▎ 摘　　要

In the present research, multi-pass friction stir processing (FSP) was employed for the first time to disperse graphene in the form of graphene nano-platelets (GNPs) into an AA5052 aluminum-magnesium alloy to fabricate a new Al-Mg/3 vol% GNPs nanocomposite. After five cumulative FSP passes, the GNPs were distributed within the metal-matrix. Field emission-scanning (FE-SEM) and transmission electron microscopy (TEM) analyses were used to examine the dispersion of GNPs, and suggested negligible deterioration of the graphene planar structure following FSP. Some clusters of graphene originating from the initial powder remained due to the high surface energy of these GNPs, while grain orientations were evaluated in the nanocomposite using electron back scattering diffraction (EBSD).

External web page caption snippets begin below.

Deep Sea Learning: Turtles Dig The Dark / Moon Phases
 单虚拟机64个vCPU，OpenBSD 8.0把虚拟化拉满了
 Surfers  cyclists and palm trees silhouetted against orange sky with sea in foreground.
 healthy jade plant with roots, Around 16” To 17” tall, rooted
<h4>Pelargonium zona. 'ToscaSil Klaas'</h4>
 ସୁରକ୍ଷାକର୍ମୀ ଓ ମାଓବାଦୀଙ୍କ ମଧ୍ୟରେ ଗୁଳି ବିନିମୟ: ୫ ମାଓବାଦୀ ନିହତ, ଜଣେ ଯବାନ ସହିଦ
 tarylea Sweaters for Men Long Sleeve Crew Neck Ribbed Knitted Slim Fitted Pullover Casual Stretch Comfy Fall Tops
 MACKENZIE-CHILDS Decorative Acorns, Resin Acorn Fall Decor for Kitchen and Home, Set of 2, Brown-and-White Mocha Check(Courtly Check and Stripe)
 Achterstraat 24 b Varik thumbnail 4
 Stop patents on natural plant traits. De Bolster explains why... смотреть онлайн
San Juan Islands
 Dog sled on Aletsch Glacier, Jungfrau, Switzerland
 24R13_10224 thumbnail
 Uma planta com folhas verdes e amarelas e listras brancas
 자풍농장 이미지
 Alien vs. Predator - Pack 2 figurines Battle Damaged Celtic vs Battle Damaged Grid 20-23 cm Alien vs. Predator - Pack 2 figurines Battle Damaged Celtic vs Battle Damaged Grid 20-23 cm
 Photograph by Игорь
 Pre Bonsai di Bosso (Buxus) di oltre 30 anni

A fine equiaxed recrystallized grain structure with an average size of 2.1 pm was formed in the stir zone (SZ) after FSP while dispersing GNPs. Indentation revealed the hardness of the nano composite increased by 53% compared to the processed Al-Mg alloy. Yield strength also was improved by more than three times while preserving ductility which achieved 20% strain before fracture. Fractographic studies of tensile test specimens revealed a mixed ductile-brittle fracture behavior. Based on the micromechanics theory, three models considering the microstructural parameters (Le., aspect ratio, mean size, and volume fraction of GNPs, grain size, and clustering during process) were developed to predict the strengthening effects of GNPs in the terms of elastic modulus, yield strength, and indentation hardness. Correlation between these predicted values and experimental data are discussed in detail.